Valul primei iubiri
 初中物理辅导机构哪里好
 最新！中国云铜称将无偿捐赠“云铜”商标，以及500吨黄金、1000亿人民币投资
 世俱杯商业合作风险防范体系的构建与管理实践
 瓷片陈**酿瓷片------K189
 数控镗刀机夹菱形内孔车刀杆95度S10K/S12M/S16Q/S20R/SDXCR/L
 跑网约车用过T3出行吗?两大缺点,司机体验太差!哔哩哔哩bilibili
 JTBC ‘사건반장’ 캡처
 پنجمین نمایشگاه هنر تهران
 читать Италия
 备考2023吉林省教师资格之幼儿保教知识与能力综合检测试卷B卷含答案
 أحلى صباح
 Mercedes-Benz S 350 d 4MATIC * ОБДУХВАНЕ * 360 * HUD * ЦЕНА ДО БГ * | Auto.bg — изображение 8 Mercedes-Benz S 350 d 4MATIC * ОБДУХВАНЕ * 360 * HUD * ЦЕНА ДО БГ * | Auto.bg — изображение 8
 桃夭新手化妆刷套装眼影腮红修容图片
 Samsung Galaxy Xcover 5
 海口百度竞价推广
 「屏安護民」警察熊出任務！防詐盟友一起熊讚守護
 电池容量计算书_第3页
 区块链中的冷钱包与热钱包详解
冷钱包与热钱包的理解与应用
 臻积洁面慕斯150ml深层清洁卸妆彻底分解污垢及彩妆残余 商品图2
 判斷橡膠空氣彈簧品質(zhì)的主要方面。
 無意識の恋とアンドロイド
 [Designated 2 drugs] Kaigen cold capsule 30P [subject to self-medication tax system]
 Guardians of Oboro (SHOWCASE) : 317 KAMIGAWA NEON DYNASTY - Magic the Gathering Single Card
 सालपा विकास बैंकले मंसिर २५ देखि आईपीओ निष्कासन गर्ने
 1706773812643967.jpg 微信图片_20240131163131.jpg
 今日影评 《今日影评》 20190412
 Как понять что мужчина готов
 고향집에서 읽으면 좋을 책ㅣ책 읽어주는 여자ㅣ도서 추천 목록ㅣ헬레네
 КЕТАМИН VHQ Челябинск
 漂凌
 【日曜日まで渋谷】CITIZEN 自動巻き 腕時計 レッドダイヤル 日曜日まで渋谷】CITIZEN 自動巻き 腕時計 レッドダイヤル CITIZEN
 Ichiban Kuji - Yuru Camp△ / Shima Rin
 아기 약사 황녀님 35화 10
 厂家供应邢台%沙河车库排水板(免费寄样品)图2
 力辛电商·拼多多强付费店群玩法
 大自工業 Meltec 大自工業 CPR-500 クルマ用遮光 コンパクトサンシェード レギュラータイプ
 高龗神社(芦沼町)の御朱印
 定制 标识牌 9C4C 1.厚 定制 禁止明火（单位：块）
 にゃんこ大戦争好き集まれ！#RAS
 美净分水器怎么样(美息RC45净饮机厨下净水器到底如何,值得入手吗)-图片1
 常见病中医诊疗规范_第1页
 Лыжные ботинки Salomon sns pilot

══════════

* [TASK DESCRIPTION]
This exercise calls for the lines from the one holding "Ichiban Kuji - Yuru Camp△ / Shima Rin" through the end of the entries, transcribed exactly and with nothing more.

* [FINISHED TASK]
 Ichiban Kuji - Yuru Camp△ / Shima Rin
 아기 약사 황녀님 35화 10
 厂家供应邢台%沙河车库排水板(免费寄样品)图2
 力辛电商·拼多多强付费店群玩法
 大自工業 Meltec 大自工業 CPR-500 クルマ用遮光 コンパクトサンシェード レギュラータイプ
 高龗神社(芦沼町)の御朱印
 定制 标识牌 9C4C 1.厚 定制 禁止明火（单位：块）
 にゃんこ大戦争好き集まれ！#RAS
 美净分水器怎么样(美息RC45净饮机厨下净水器到底如何,值得入手吗)-图片1
 常见病中医诊疗规范_第1页
 Лыжные ботинки Salomon sns pilot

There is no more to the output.